Your goal> Wherever a picture appears in the listing, leave it out, and copy the rest exactly.

Given data>

* * * *

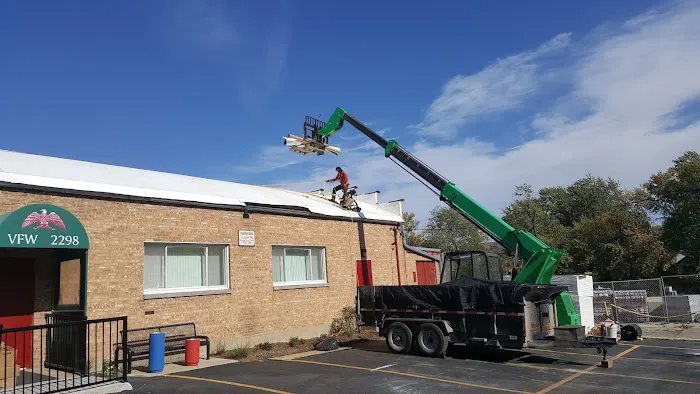 Better Home Picture 10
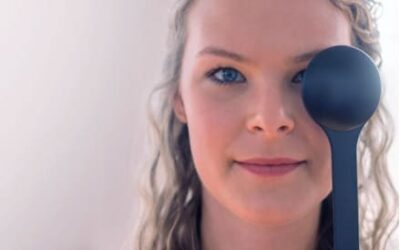 Why Are My Eyes Watering? Common Causes Explained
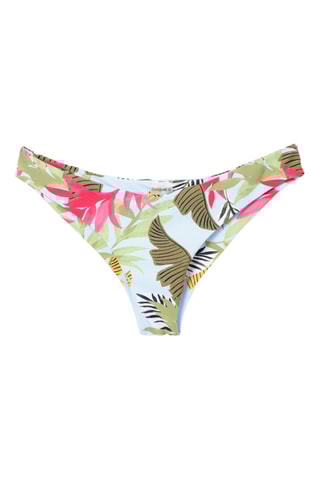 Bas de maillot - Ciel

* * * *

Solution to this problem>
 Better Home Picture 10
 Why Are My Eyes Watering? Common Causes Explained
 Bas de maillot - Ciel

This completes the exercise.